Omitting all images, transcribe the listing word for word.

* Information provided:
######
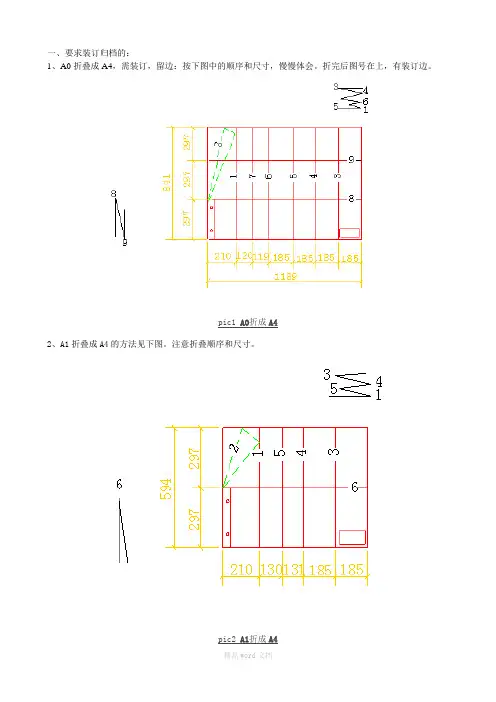 标准归档图(竣工图)纸折叠方法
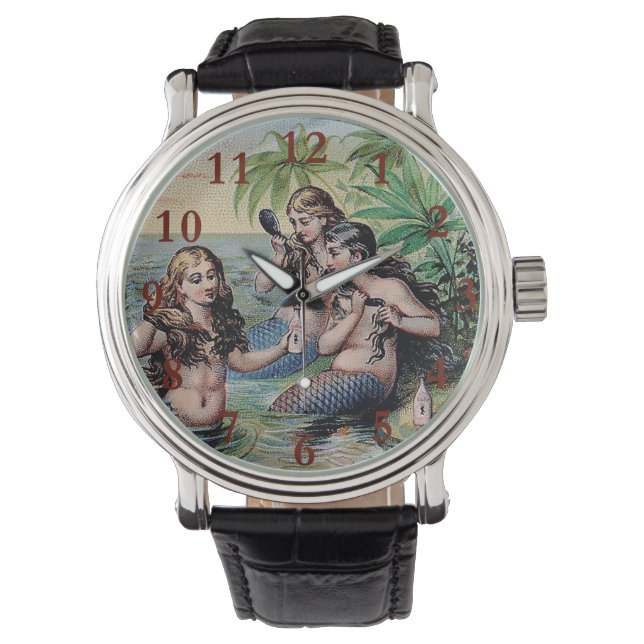 Mermaid Antique Magic Nautical Ocean Watch (Front)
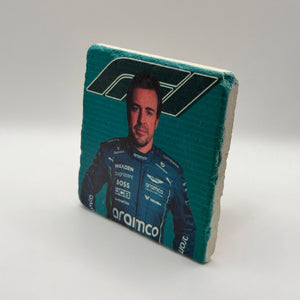 Fernando Alonso Aston Martin Stone Coaster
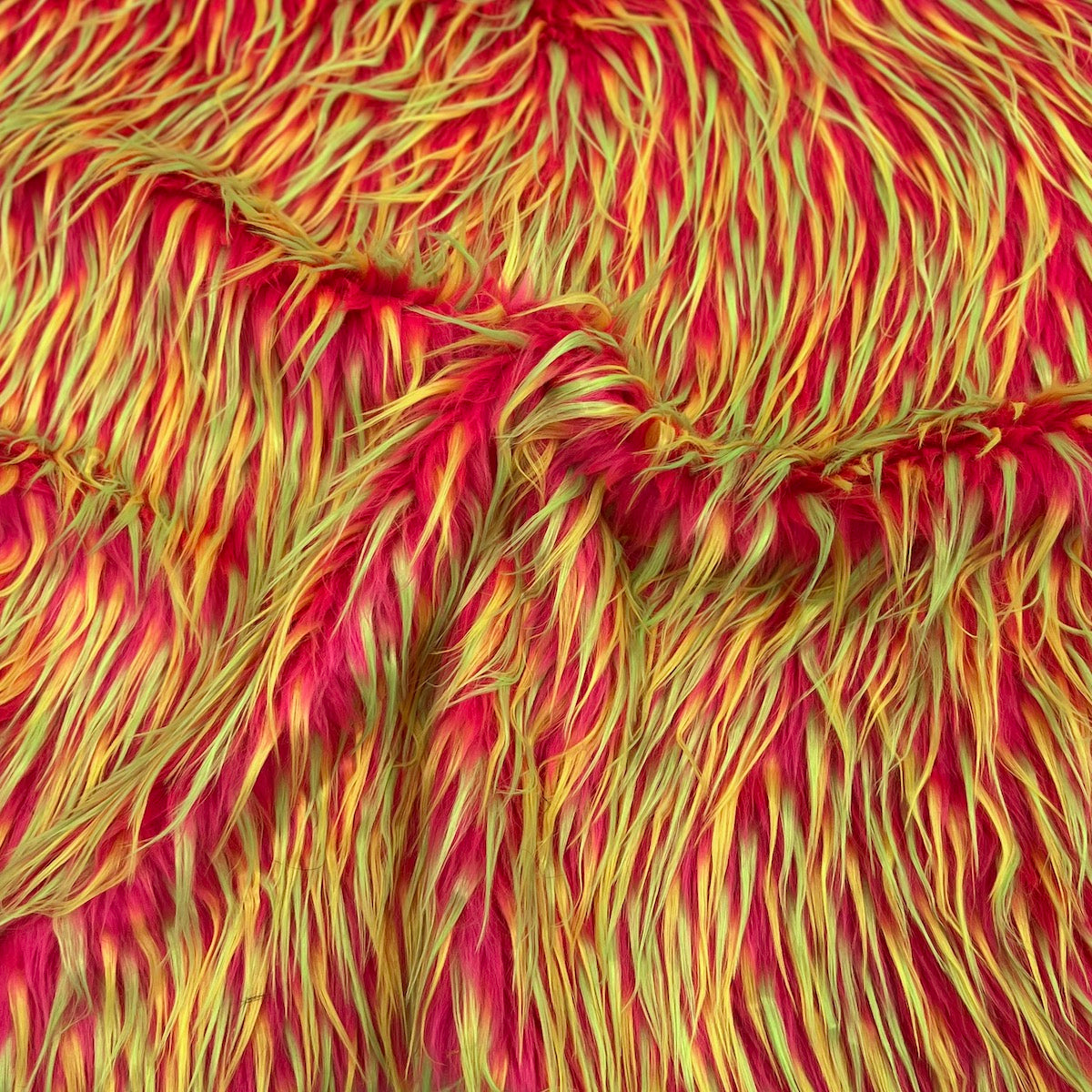 Faux Fur Fabric Three Spike Shaggy Colorful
######
* Reply to the task:
 标准归档图(竣工图)纸折叠方法
 Mermaid Antique Magic Nautical Ocean Watch (Front)
 Fernando Alonso Aston Martin Stone Coaster
 Faux Fur Fabric Three Spike Shaggy Colorful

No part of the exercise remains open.